Posted on 11/02/2019 9:12:27 AM PDT by Candor7

(WNN) London, UNITED KINGDOM, WESTERN EUROPE: As a Buddhist myself I’ve been concerned like many others for over a decade about the treatment of indigenous Tibetans inside China, many who follow the spiritual teachings of the Dalai Lama, who received a Nobel Peace Prize in 1989.

The changing face of modern China has had an open opportunity to bridge diversity of thought and religion within its borders over the last decade, but it has critically failed to do so.

And it’s not just indigenous Tibetans who are feeling the pressures placed on them by the Chinese government today. Numerous youth inside China are cautious as they juggle increasing fears of surveillance if they begin to speak out in any way. Those concerned with human rights who are living inside China’s borders know that the surveillance machine inside the country is active and very much alive.

In China blogging even someone else’s ideas, if they grate against the government, can be a dangerous business.

During the flower-laying ceremony in front of the Chinese embassy in London yesterday, that marked the remembrance of the 25th anniversary of the Tiananmen Square Massacre, Chinese Officials from the Embassy reacted strongly. Coming outside of the Embassy building, embassy officials threw the flowers offered for the anniversary of the Massacre back at the anniversary attendees.

The harsh reaction to the event, organized by Amnesty International UK and attended by representatives of Tibet support groups including Free Tibet, deepens the ongoing image of China as a region that will not allow diversity of thought, philosophy, religion or politics.

Tibetan Buddhists, as a religious minority in the region, aren’t the only ones who have undergone continued monitoring and imprisonment inside China, imprisonment which has numbered, as of October 10, 2013, 1,308 separate individual cases of political or religious-based incarceration.

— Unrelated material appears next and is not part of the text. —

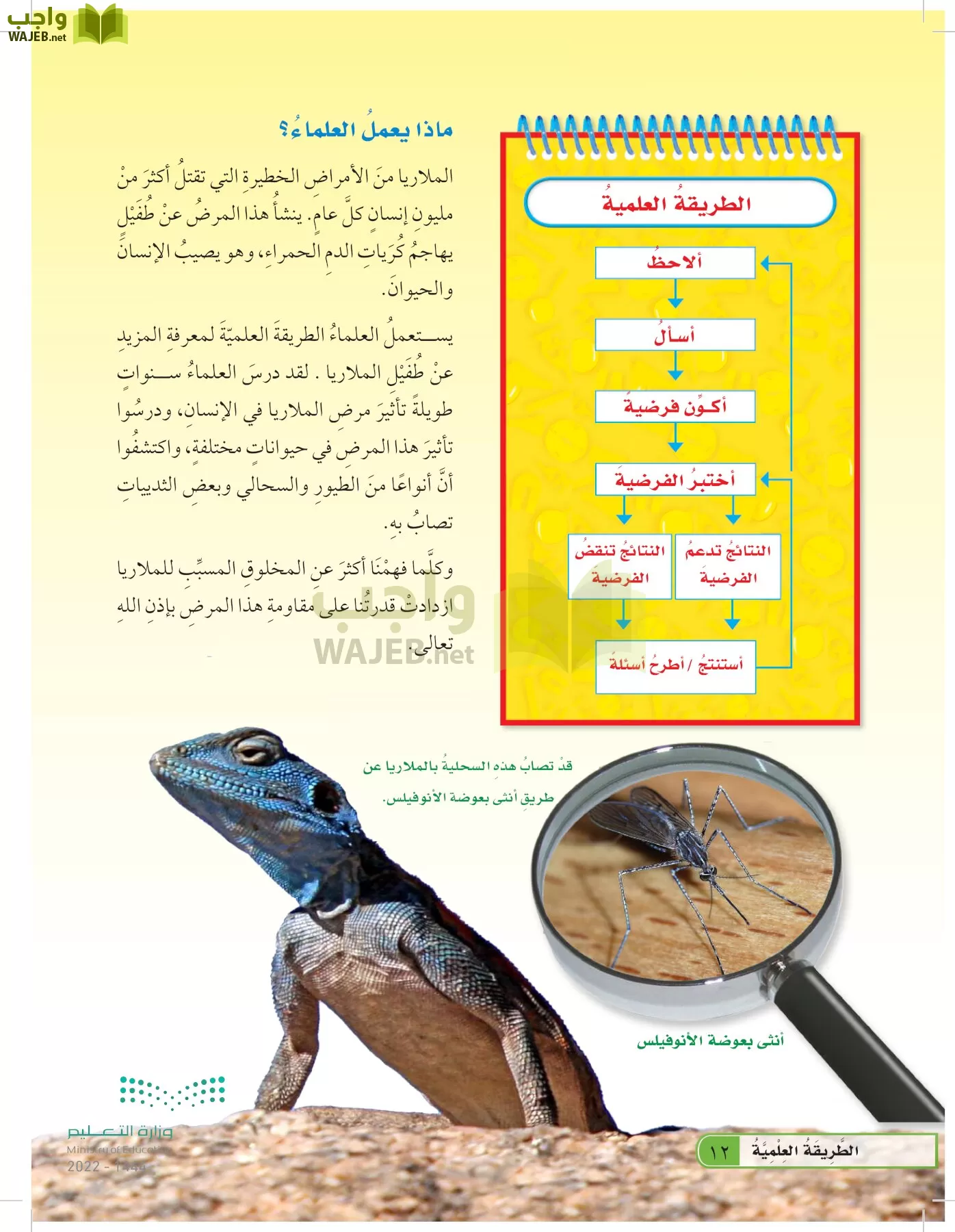 العلوم page-11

Christians now also appear to be on the watch list of China’s government as a second Christian church, within only a few weeks of another church in April, was scheduled to be torn down by Chinese officials.

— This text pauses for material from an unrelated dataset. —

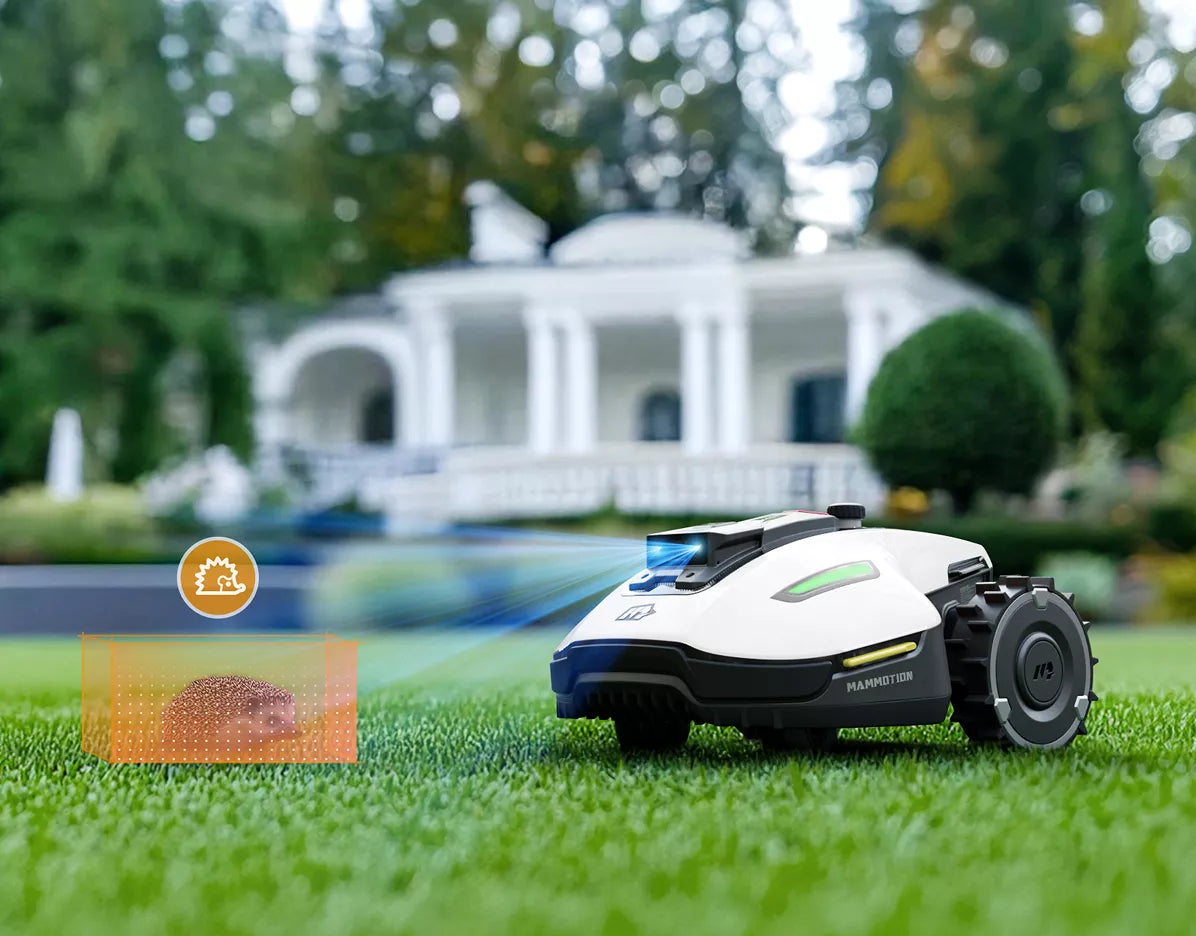 Wie viel kostet ein Rasenroboter ohne Begrenzungsdraht 2025?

As the first bouquet of flowers was ‘gently’ laid yesterday on the steps of the Embassy by Amnesty International’s Director Katherine Allen, along with Ti-Anna Wang, the daughter of a Chinese democracy activist who was arrested and placed in prison twelve years ago, both women were pushed off the steps of the Embassy by members who work in the Embassy.

Embassy officials were then ushered back into their building by police security as what was meant to be a ceremony of honoring those who died for ‘believing in democracy’ continued.

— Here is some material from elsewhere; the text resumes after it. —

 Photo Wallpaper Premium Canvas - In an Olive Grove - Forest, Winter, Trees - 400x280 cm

“Regardless of the changes that have been made in China over the last 25 years, in Tibet the events of Tiananmen Square are present and alive today,” outlined Eleanor Byrne-Rosengren, director of Free Tibet to the press following the remembrance ceremony.

As a non-governmental organization working to bring human rights and self-determination to the people living inside what was once considered the country of Tibet, the organization Free Tibet has documented an ongoing and harsh situation for human rights inside China since 1987. Under the global need to bring transparency and ‘more humane’ China forward, Free Tibet’s website online is one of numerous websites that are currently blocked from viewers who live inside the region.

History has shown that the seven week democracy movement did end in death and injury to too many of those involved in what was largely a youth movement. As the movement was crushed at its roots, counting the exact number of those who had died became almost impossible as Chinese soldiers picked up the dead from the street where they fell. The range of deaths that occurred on June 4, 1989 is now thought to be somewhere between 500 to 1,000+ deaths.

In spite of the numbers, the People’s Republic of China continues to this day to remain hauntingly silent about what happened to so many of the protesting students who stood on the Square that day. No mention of the Massacre exists in any of the school books inside China today. Approximately 10 thousand democracy protesters were also arrested on during the days that surrounded June 4.

Dozens of people were also executed. One person, a factory worker named Miao Deshun who is now in his 50s, is still languishing in prison.

Blogger opinions in China are not the only thing China is censoring today. Facebook, Twitter and YouTube are only a small part of popular internet sites that are commonly censored and blocked from viewers inside China. Other censored websites include: certain articles and parts of the archive for TIME magazine, as well as the blog page for The Wall Street Journal.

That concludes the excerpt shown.